▶ [TASK DETAILS]: Copy the lines below exactly. No picture goes into the copy.
· · ·
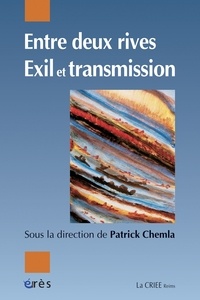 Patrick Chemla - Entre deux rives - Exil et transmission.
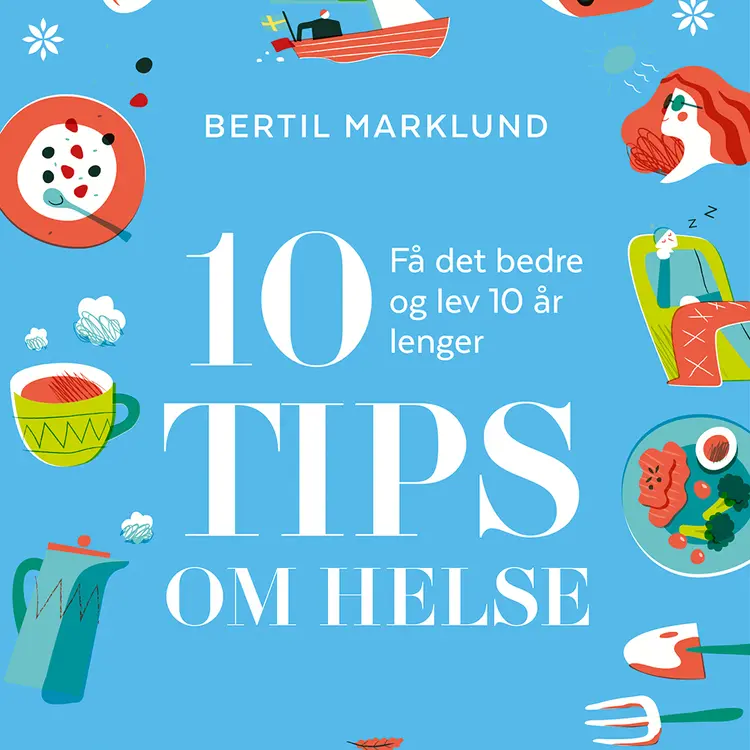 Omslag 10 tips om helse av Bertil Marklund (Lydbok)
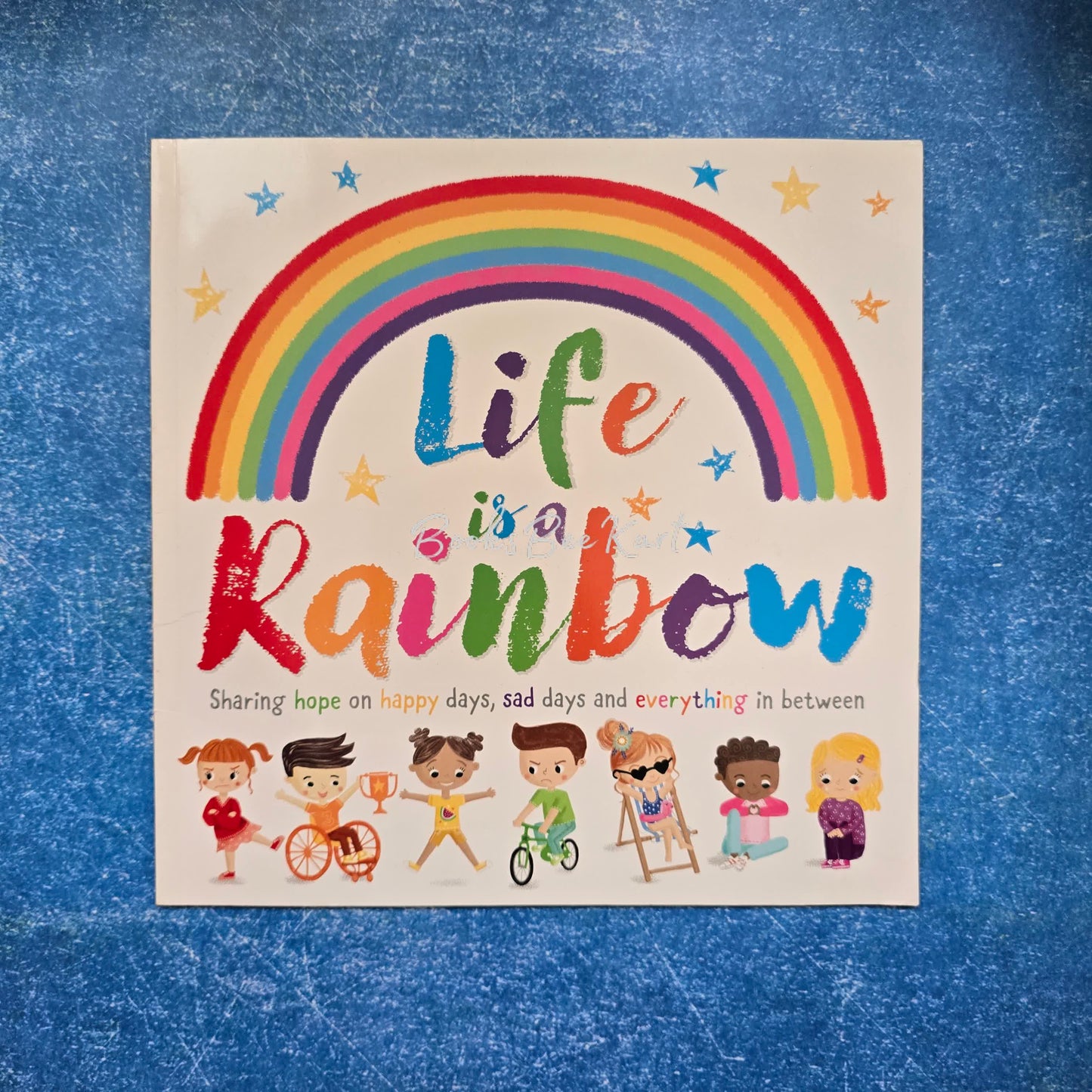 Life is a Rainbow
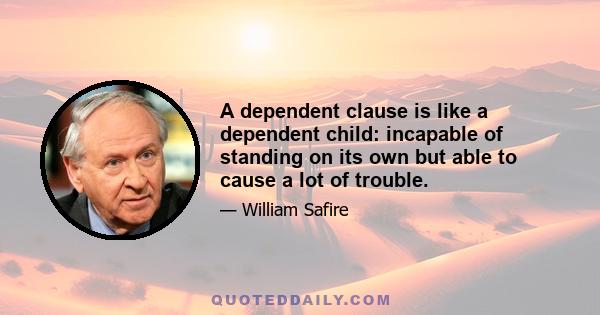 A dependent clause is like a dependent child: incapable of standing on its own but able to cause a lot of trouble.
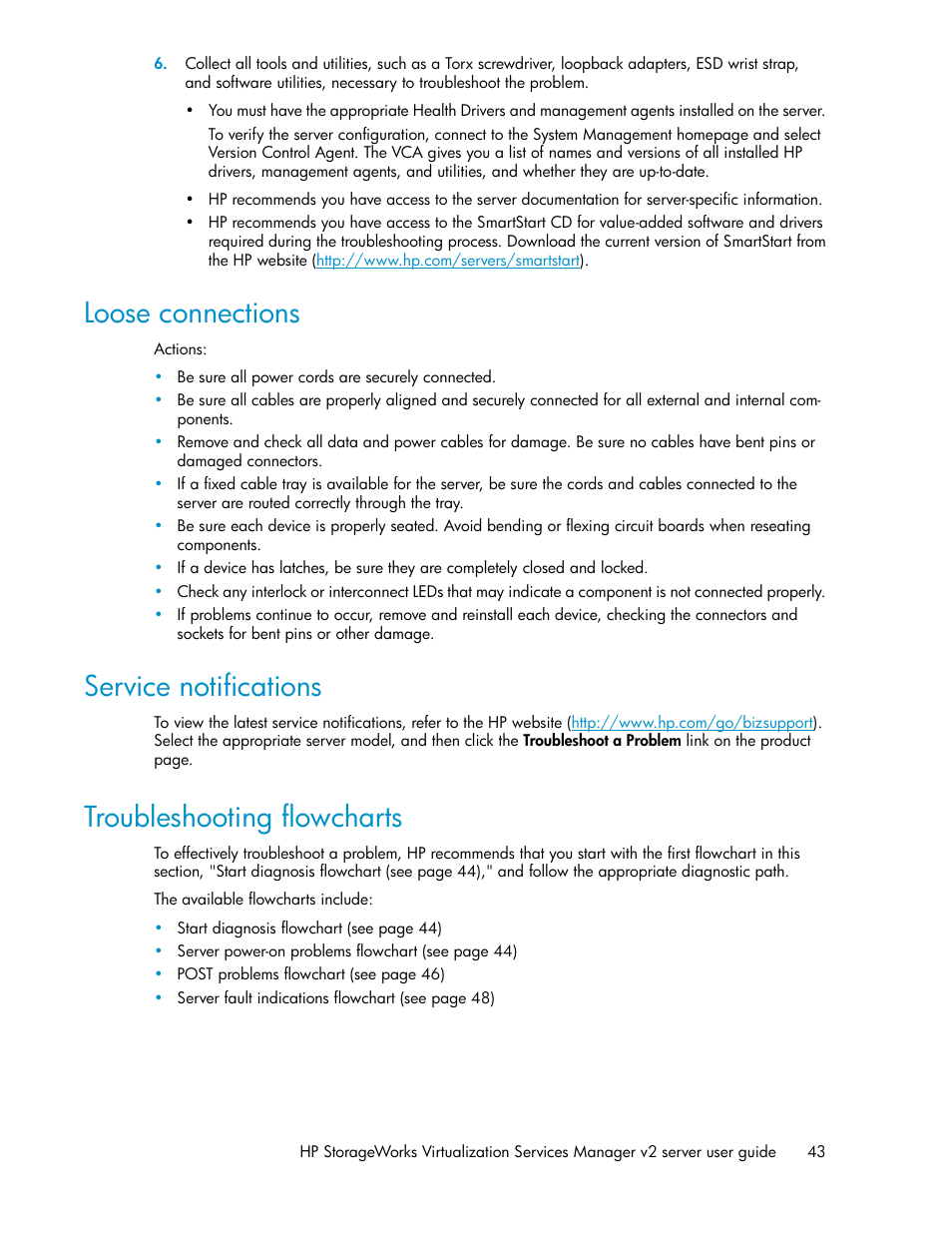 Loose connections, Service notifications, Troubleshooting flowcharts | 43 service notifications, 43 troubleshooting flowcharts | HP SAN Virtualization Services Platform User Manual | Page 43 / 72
· · ·
▶ [FINISHED EXERCISE]:
 Patrick Chemla - Entre deux rives - Exil et transmission.
 Omslag 10 tips om helse av Bertil Marklund (Lydbok)
 Life is a Rainbow
 A dependent clause is like a dependent child: incapable of standing on its own but able to cause a lot of trouble.
 Loose connections, Service notifications, Troubleshooting flowcharts | 43 service notifications, 43 troubleshooting flowcharts | HP SAN Virtualization Services Platform User Manual | Page 43 / 72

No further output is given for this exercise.